Mucus hydration is paramount for normal MCC. In addition to stimulating CBF we show in the human sinonasal ALI model that Myrtol is a potent stimulant of respiratory epithelial fluid secretion as evident by the increase in ASL height (Fig. 6). We further show that this hydration is most likely caused by chloride efflux (Fig. 5). However, the exact target of Myrtol is still unknown. As was evident in the CBF experiments, only basolateral application of Myrtol altered chloride permeability, suggesting that the target may be found on the basolateral membrane. It is important to note that the dual effect of Myrtol on fluid secretion and CBF yields a synergistic effect on mucociliary transport. Although 0.5% Myrtol yielded robust changes in CBF (Fig. 1) and ASL height (Fig. 6), 0.1% resulted in dramatic changes in mucus transport velocity (Fig. 3).

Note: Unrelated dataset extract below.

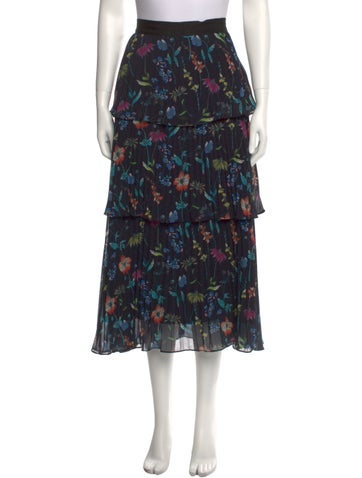 Amur Skirts Floral Print Midi Length Skirt US 4 | S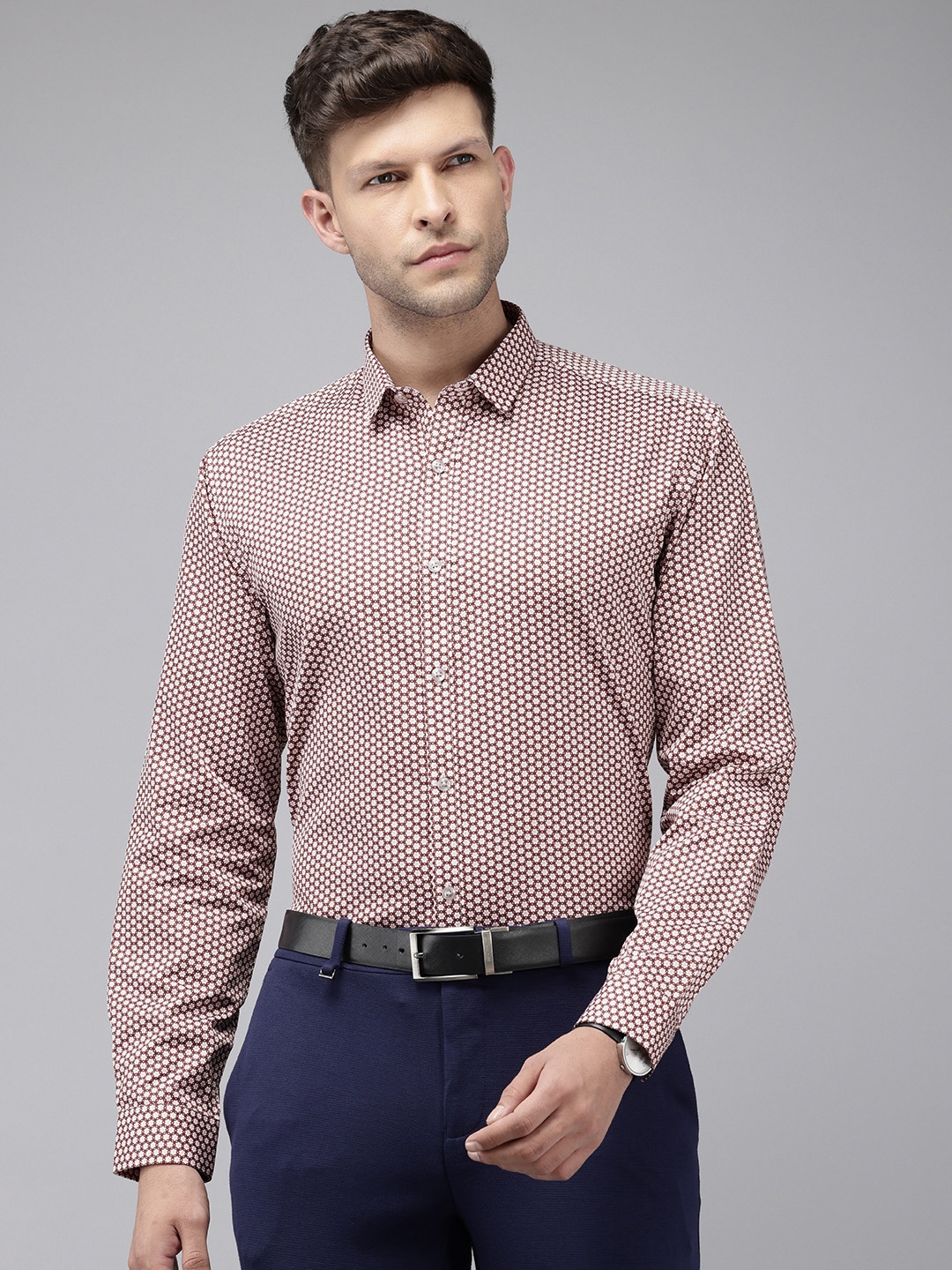 

V Dot Slim Fit Floral Printed Pure Cotton Formal Shirt, Brown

The majority of respiratory disorders involve airway inflammation, mucus hypersecretion, and mucostasis. Thus, fluid hydration with subsequent mobilization of inspissated and infected secretions is essential in managing most respiratory pathologies. The sequelae of too much fluid secretion in the upper airways would most likely only yield rhinorrhea. Thus, the combined effect of basolateral application of Myrtol on fluid hydration and stimulation of CBF explains the clinical efficacy of this oral phytomedicine.
Conclusions
From these experiments we conclude that Myrtol stimulates human sinonasal MCC by both acting as a cilia stimulant and a secretagogue. Additionally, Myrtol is not effective when applied apically (i.e., as a topical medication) but is highly effective when applied to the basolateral side of the ALI culture. The results of these experiments are consistent with the clinical observations that Myrtol aids in mobilizing respiratory secretions.